By: genie (genie) 2009-04-01 21:20:59

i'm not sure if i got you right ravindrad but i did some extra tests and here is what i've found:
UserA start one sesion (CSeq = 1) and without finishing it starts another one (CSeq = 2). Therefore astersik sends '491 request pending'. However the 491 message holds Cseq=2 info. When i was using ekiga, it resonded fur such a 491 message with ACK-Cseq=2, while it was ACK-CSeq=1 missing. So as for me the bug is that '491 messages' hold wrong CSeq.
I hope it was the same what you have found out.

By: snuffy (snuffy) 2009-04-02 07:33:12

I've assigned to you dvossel, as you last worked on 491 recently..
Is it likely that you may have fixed this in your latest patch?

By: Ravindra Devadiga (ravindrad) 2009-04-02 09:03:57

I am in totally sync with you Genie. I was commenting about the 491 response sent for the second invite with cseq =2, I think it is not handled according to RFC 3261. The 491 response should be sent when you send an outgoing invite which is not yet completed and at the same time you receive incoming invite for the same session, this happens only in case of reinvite. But here in asterisk it is handled bit differently.

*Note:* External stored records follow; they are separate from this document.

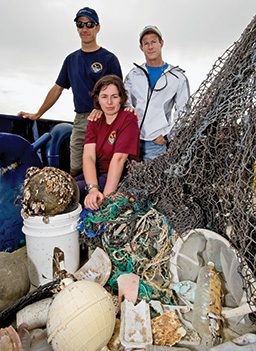 Two men and one woman pose next to a giant pile of garbage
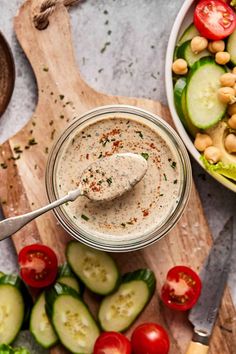 a jar filled with dressing next to a bowl of cucumbers, tomatoes and chickpeas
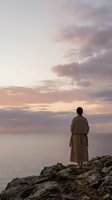 Woman standing on rocky cliff overlooking calm sea at sunset, wearing beige linen dress, contemplating horizon with dramatic pastel sky and clouds, solitude and peaceful reflection concept.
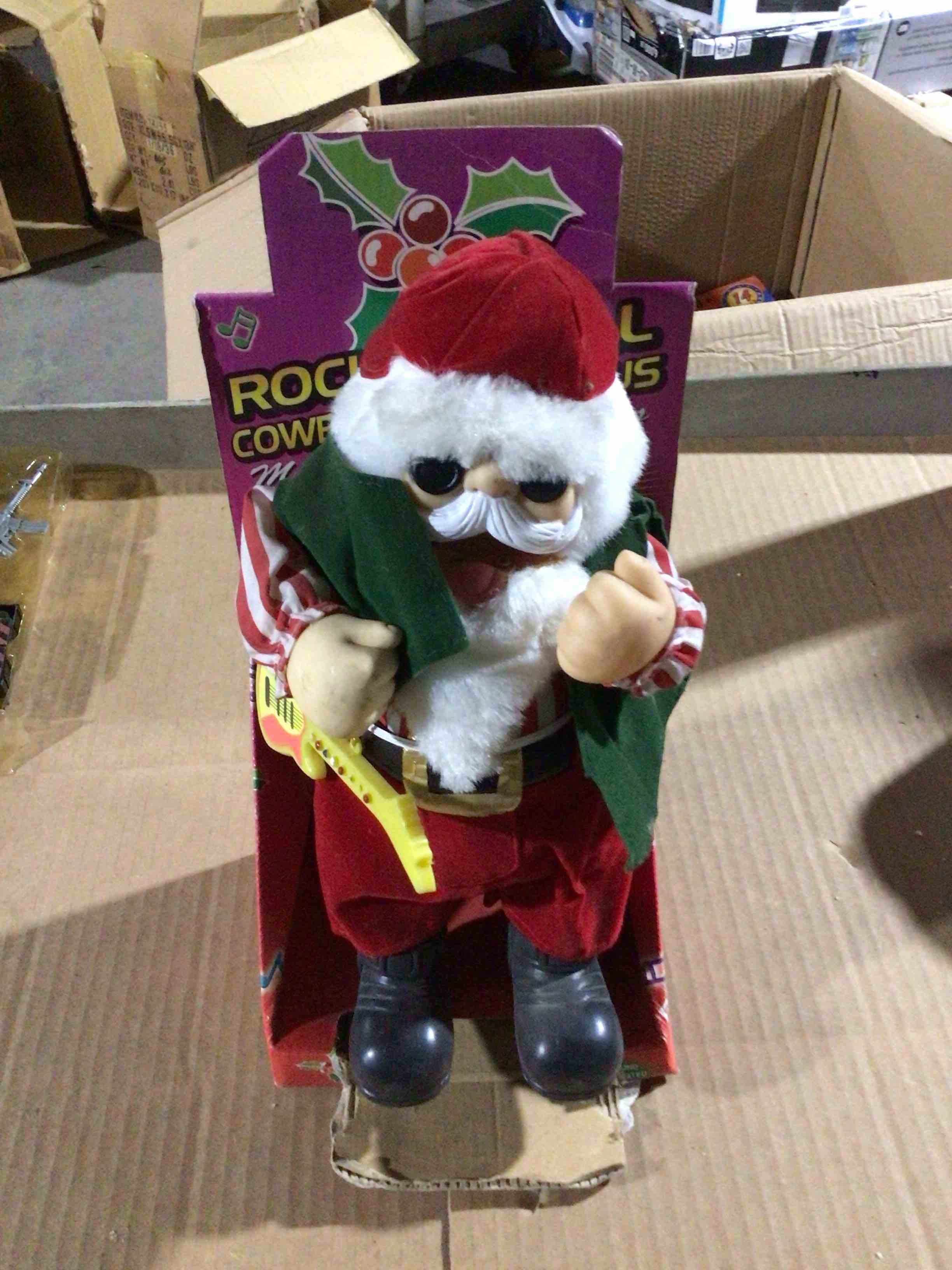 Condition photo showing As Is for santa’s musical and animated toy 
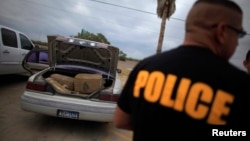 A car filled with bales of marijuana is seen at a police station in La Grulla, Texas March 28, 2013. When police tried to pull the car over, the driver led officers on a high speed pursuit, driving the car into the Rio Grande river. The driver abandoned t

RFC 3261, in section 14,2 he says "A UAS that receives a second INVITE before it sends the final  response to a first INVITE with a lower CSeq sequence number on the same dialog MUST return a 500 (Server Internal Error) response to the   second INVITE and MUST include a Retry-After header field with a randomly chosen value of between 0 and 10 seconds".

A UAS that receives an INVITE on a dialog while an INVITE it had sent on that dialog is in progress MUST return a 491 (Request Pending) response to the received INVITE

In case of incoming invite even the first invite is not completed, we can allow the user to try "max retry" times for a call or transaction timeout.

If we take the above scenario, ack for the first invite is dropped(cseq=1), Unaware of this UA sends invite with authentcation(cseq=2). In this case asterisk should continue retransmit 401 until it receives ack for that and should process this 2nd invite. If the max retries are reached and still the transaction are not completed then call should be disconnected.

I already worked on the fix for it. It is working fine, needs some more testing... Could not test it since got busy with some other things. I think Monday I can update the patch for this.

By: David Vossel (dvossel) 2009-04-02 09:29:51

committed a patch April 1st that should have taken care of this. Updating to the latest branch code should fix it.  If not, feel free to re-open this issue and I'll take a closer look at it.